74« La visibilité des transactions pour les autres, c’est-à-dire leur caractère public ou privé24 » complique encore le positionnement des soignants. Les règlements sont censés s’appliquer à chaque patient de la même manière, or les négociations des règles perturbent cette uniformité.

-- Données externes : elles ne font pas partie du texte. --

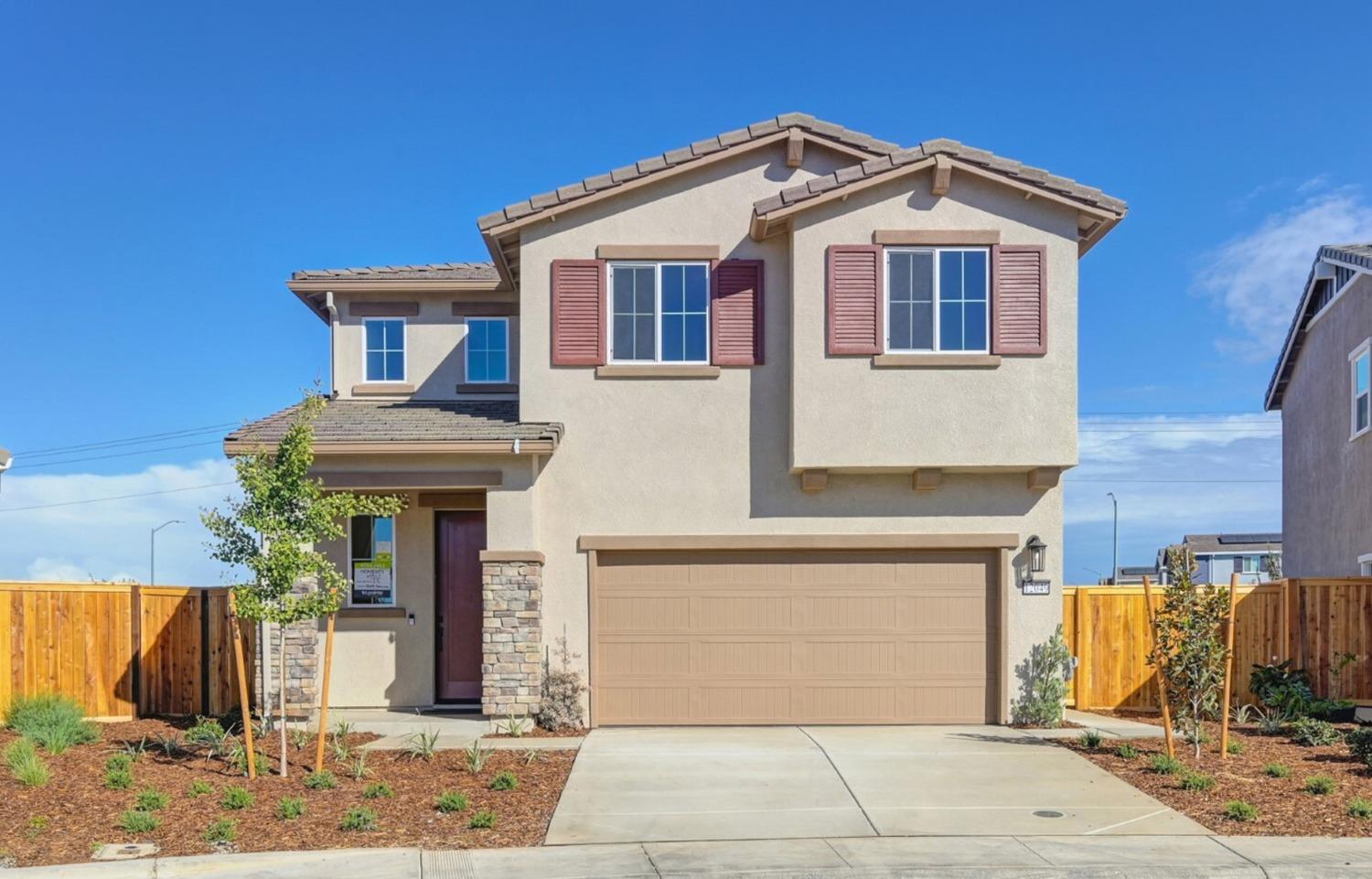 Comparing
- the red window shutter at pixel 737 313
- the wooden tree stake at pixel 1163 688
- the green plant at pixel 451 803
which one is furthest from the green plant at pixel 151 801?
the wooden tree stake at pixel 1163 688

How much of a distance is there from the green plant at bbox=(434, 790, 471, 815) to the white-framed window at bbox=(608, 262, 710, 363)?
5.91 meters

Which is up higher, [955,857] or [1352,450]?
[1352,450]

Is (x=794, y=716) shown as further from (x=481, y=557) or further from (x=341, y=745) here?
(x=341, y=745)

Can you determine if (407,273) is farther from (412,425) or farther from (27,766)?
(27,766)

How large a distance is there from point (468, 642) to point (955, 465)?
637 centimetres

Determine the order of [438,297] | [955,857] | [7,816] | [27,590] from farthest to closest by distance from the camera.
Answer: [438,297], [27,590], [7,816], [955,857]

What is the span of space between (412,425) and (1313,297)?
16.2m

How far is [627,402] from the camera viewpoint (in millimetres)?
13781

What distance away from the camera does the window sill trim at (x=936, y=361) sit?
1319 cm

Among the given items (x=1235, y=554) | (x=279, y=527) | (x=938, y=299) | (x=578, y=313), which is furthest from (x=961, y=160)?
(x=1235, y=554)

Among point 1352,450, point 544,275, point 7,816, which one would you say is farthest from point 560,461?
point 1352,450

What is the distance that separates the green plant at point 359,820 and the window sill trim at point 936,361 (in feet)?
23.9

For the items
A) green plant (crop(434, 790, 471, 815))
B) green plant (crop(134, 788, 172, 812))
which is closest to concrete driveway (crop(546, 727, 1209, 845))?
green plant (crop(434, 790, 471, 815))

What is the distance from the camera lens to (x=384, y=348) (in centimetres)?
1670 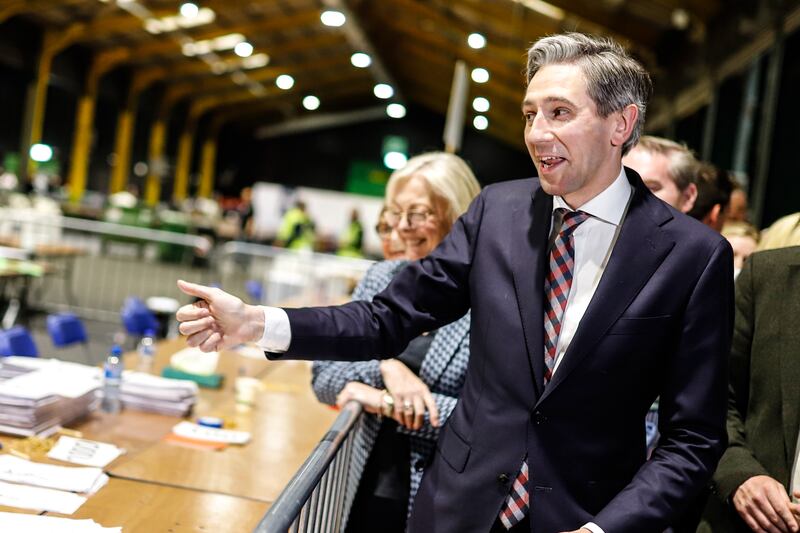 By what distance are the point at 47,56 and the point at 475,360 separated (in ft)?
64.7

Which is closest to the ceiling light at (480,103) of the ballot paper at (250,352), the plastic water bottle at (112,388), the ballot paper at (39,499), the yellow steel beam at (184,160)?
the ballot paper at (250,352)

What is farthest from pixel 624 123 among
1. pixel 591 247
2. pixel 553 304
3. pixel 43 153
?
pixel 43 153

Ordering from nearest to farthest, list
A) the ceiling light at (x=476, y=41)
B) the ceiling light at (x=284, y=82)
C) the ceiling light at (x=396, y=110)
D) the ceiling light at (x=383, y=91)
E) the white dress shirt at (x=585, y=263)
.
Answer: the white dress shirt at (x=585, y=263), the ceiling light at (x=476, y=41), the ceiling light at (x=284, y=82), the ceiling light at (x=383, y=91), the ceiling light at (x=396, y=110)

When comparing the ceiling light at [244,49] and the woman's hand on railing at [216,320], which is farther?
the ceiling light at [244,49]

Elvire raconte :
« J’ai aussi un patient qui était chez nous et qui faisait des stocks de nourriture, alors ça c’était assez surprenant ! En fait il faisait des stocks, ça posait des problèmes de… Comment dire, de voisinage, parce que ce patient je ne pouvais pas l’isoler dans une chambre individuelle, donc il était dans une chambre à deux et il faisait sa petite lessive dans le lavabo et puis surtout il stockait énormément de choses, des aliments notamment et ça… Donc il mettait ce qu’il pouvait sur le rebord de la fenêtre, avec le risque que ça tombe, donc il fallait que je lui dise que ce n’était pas possible, voilà, et ensuite il stockait dans son armoire, donc les barquettes avec la viande d’il y a trois jours, le fromage… Il faisait en fait son petit stock pour la suite… Malheureusement ça a posé quelques problèmes parce qu’il fallait que je lui explique que ce n’était pas possible quoi ! »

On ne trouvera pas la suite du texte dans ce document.